_Problem description:_ Would you print all of the entries word for word?

———

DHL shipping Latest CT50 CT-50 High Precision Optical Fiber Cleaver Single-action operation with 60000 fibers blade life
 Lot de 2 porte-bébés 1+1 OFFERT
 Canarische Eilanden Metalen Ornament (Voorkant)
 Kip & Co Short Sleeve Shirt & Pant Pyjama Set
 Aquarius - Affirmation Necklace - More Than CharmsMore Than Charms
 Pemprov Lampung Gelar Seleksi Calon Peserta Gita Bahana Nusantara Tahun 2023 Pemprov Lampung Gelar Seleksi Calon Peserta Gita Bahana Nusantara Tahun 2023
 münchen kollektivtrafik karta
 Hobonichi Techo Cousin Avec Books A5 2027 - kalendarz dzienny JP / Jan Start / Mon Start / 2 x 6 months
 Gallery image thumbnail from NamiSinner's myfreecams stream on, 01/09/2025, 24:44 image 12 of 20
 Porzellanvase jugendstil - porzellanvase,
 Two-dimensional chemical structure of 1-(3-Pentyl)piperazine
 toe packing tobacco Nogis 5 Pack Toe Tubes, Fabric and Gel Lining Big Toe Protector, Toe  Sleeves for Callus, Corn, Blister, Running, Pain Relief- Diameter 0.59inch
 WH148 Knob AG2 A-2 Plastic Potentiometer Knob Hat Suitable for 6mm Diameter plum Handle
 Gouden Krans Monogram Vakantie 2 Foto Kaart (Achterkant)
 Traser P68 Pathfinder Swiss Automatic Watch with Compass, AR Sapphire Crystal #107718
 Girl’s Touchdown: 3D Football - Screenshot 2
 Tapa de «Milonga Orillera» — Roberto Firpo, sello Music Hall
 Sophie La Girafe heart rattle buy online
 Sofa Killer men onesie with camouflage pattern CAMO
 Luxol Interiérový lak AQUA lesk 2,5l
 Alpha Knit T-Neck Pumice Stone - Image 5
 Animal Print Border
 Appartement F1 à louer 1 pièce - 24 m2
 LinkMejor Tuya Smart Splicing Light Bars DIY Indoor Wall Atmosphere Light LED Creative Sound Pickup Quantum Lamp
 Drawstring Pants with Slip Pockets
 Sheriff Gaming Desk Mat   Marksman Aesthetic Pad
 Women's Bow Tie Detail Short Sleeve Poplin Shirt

———

_Solved exercise:_
DHL shipping Latest CT50 CT-50 High Precision Optical Fiber Cleaver Single-action operation with 60000 fibers blade life
 Lot de 2 porte-bébés 1+1 OFFERT
 Canarische Eilanden Metalen Ornament (Voorkant)
 Kip & Co Short Sleeve Shirt & Pant Pyjama Set
 Aquarius - Affirmation Necklace - More Than CharmsMore Than Charms
 Pemprov Lampung Gelar Seleksi Calon Peserta Gita Bahana Nusantara Tahun 2023 Pemprov Lampung Gelar Seleksi Calon Peserta Gita Bahana Nusantara Tahun 2023
 münchen kollektivtrafik karta
 Hobonichi Techo Cousin Avec Books A5 2027 - kalendarz dzienny JP / Jan Start / Mon Start / 2 x 6 months
 Gallery image thumbnail from NamiSinner's myfreecams stream on, 01/09/2025, 24:44 image 12 of 20
 Porzellanvase jugendstil - porzellanvase,
 Two-dimensional chemical structure of 1-(3-Pentyl)piperazine
 toe packing tobacco Nogis 5 Pack Toe Tubes, Fabric and Gel Lining Big Toe Protector, Toe  Sleeves for Callus, Corn, Blister, Running, Pain Relief- Diameter 0.59inch
 WH148 Knob AG2 A-2 Plastic Potentiometer Knob Hat Suitable for 6mm Diameter plum Handle
 Gouden Krans Monogram Vakantie 2 Foto Kaart (Achterkant)
 Traser P68 Pathfinder Swiss Automatic Watch with Compass, AR Sapphire Crystal #107718
 Girl’s Touchdown: 3D Football - Screenshot 2
 Tapa de «Milonga Orillera» — Roberto Firpo, sello Music Hall
 Sophie La Girafe heart rattle buy online
 Sofa Killer men onesie with camouflage pattern CAMO
 Luxol Interiérový lak AQUA lesk 2,5l
 Alpha Knit T-Neck Pumice Stone - Image 5
 Animal Print Border
 Appartement F1 à louer 1 pièce - 24 m2
 LinkMejor Tuya Smart Splicing Light Bars DIY Indoor Wall Atmosphere Light LED Creative Sound Pickup Quantum Lamp
 Drawstring Pants with Slip Pockets
 Sheriff Gaming Desk Mat   Marksman Aesthetic Pad
 Women's Bow Tie Detail Short Sleeve Poplin Shirt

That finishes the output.